Per Deposit. . . . . . . . . . . . . . . . . . . . . . . . . . . . . . . . . . . . . . . . . . . . . $10.00

Investments
Per directed buy/sell . . . . . . . . . . . . . . . . . . . .. . . . . . . . . . . . . . . . . $75.00
The Investments fee will be waived if a JPMorgan Chase Bank compensating trust account provided by JPMorgan's Escrow Services group is selected.

1099 Reporting . . . . . . . . . . . . . . . . . . . . . . . . . . . . . . . . . . . . . . . . .$15.00

Legal Expenses . . . . . . . . . . . . . . . . . . . . . . . . . . . . . . . . . . . . . . . . .At Cost
There will be no legal expense for JPMorgan Chase if our standard form escrow agreement is employed without substantive amendments.  Should another form of agreement be used, external legal counsel would be retained only after advising the client of our intent to do so.

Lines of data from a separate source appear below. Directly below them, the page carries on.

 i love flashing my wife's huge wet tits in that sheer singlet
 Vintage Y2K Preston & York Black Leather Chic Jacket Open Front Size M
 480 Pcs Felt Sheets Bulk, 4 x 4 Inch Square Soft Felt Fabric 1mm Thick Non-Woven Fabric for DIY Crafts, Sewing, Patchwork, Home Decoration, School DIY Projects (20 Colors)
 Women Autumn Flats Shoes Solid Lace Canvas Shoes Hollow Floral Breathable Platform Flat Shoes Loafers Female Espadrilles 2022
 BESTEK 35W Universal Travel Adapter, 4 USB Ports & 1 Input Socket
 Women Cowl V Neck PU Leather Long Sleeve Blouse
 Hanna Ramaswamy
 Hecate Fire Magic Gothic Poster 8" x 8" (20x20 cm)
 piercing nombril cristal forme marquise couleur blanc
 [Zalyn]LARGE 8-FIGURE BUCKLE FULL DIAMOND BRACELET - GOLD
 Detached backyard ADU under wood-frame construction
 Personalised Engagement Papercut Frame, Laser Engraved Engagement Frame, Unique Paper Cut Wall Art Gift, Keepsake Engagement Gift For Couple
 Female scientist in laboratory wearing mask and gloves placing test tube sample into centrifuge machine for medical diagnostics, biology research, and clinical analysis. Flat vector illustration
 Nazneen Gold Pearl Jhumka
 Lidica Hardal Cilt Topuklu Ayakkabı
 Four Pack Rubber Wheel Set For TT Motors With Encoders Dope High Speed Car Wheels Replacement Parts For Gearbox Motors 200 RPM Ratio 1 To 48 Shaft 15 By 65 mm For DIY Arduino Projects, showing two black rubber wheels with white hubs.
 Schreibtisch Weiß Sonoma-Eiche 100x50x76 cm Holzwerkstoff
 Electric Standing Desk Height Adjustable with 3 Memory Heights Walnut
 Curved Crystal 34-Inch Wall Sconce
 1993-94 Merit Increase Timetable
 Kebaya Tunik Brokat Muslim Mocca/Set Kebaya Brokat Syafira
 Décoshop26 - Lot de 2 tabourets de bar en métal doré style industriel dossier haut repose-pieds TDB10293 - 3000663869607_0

Extraordinary Services and Out-of Pocket Expenses

Any additional services beyond our standard services as specified above, and all reasonable out-of-pocket expenses including attorney's or accountant’s fees and expenses will be considered extraordinary services for which related costs, transaction charges, and additional fees will be billed at the Bank's then standard rate.

Modification of Fees

Circumstances may arise necessitating a change in the foregoing fee schedule.  The Bank will attempt at all times, however, to maintain the fees at a level that is fair and reasonable in relation to the responsibilities assumed and the duties performed.

Disclosure & Assumptions

·
Please note that any proposed fees quoted herein are indicative and not intended to be binding or to form an agreement between ourselves. This fee quote is subject to a review of the transaction documents and completion of an internal due diligence review. JPMorgan reserves the right to revise, modify, change and supplement the fees quoted herein.  All fee arrangements are subject to a definitive and binding agreement between parties.
·
Payment of the invoice is due upon receipt.

Compliance

·
To help the government fight the funding of terrorism and money laundering activities, Federal law requires all financial institutions to obtain, verify, and record information that identifies each person or entity that opens an account.  We may ask for information that will enable us to meet the requirements of the Act.